Ontario is Canada’s most populous province and the hub of most commercial and financial activity. No surprise then, that the spirit of reform which led to PIPEDA amendments have trickled down to the provincial level. Focused on commercial activities, the Ontario governments’ white paper entitled: Modernizing Privacy in Ontario was released in 2021 and focuses on enhancing the public’s trust in Ontario’s digital economy.
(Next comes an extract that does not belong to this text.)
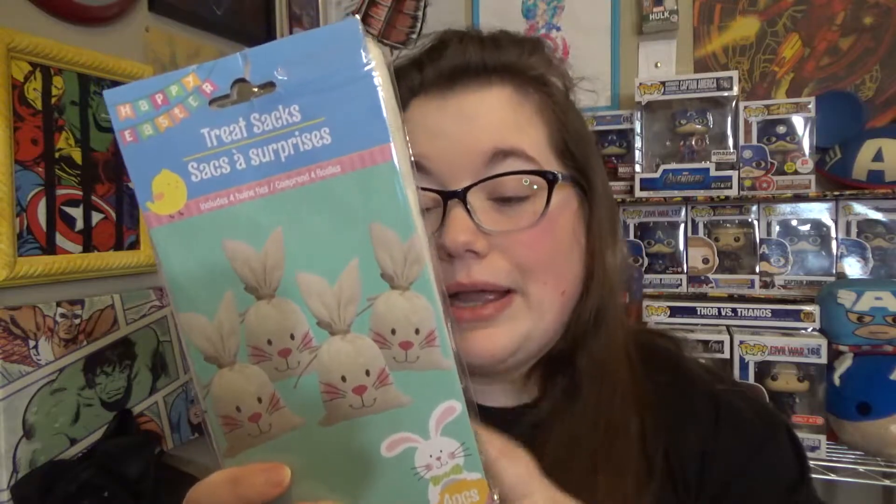On a similar note, these little burlap sacks are really cute too — they come four to a pack. I might fill these up and put them on my stairs or down my porch. When you tie them it makes them look like little ears, which makes the bag so much cuter. Dollar Tree has done these for pumpkins and other seasonal shapes before and I'm so happy they're back!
Changes would enhance current privacy provisions in various legislation, with a focus on the following principles:

  • A rights-based approach to privacy

  • The safe use of automated decision making

  • Enhanced consent and lawful uses of personal data

  • Data transparency for Ontario residents

  • Protections for children and youth

  • A fair, proportionate and supportive regulatory regime, and

  • Support for Ontario innovators

Finally, recent changes to British Colombia’s Freedom of Information and Protection of Privacy Act (FOIPPA) represent significant steps to move this law into the 21st century, including:

  • Potential for the disclosure of personal information outside Canada (previously prohibited)
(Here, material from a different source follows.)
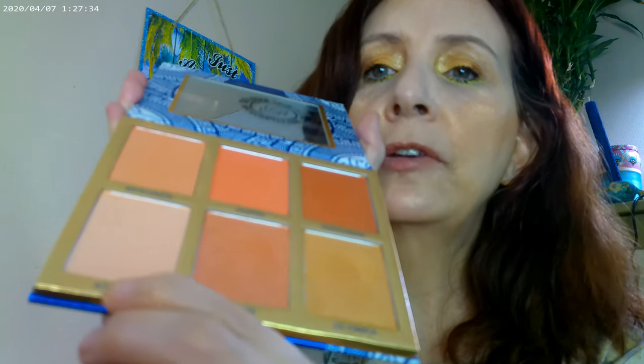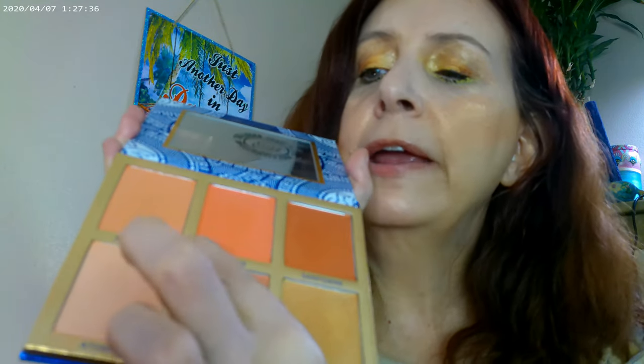The other part of the travel series is this BH Cosmetics palette called Glowing in Greece. I used one color for my blush and another for my highlighter. In this palette, all top three are blushes and all bottom three are highlighters. You may be able to pick it up on the BH Cosmetics website.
  • Requiring public bodies to have a privacy management program

  • Mandatory privacy breach reporting

  • Requirements for conducting Privacy Impact Assessments

While the privacy framework in Canada is in many cases grossly outdated and not reflective of modern privacy concerns, the fractured nature of privacy laws in Canada along the public/private sector and federal/provincial lines makes meaningful reform challenging. Factoring in the 4-year election cycle and the competing priorities of various political parties, it’s no surprise that change to privacy reform has been slow. But the GDPR has set a new standard in privacy standards, and Canadians have spoken: our privacy is not for sale.

*“Keeping up with the Johans” is a play on the idiom “Keeping Up With The Joneses”, which refers to the practice of comparing oneself to one´s neighbours (i.e. The metaphorical Jones family)

Else Khoury, Privacy Officer, City Of Hamilton Public Health. Privacy Consultant, Author, Instructor.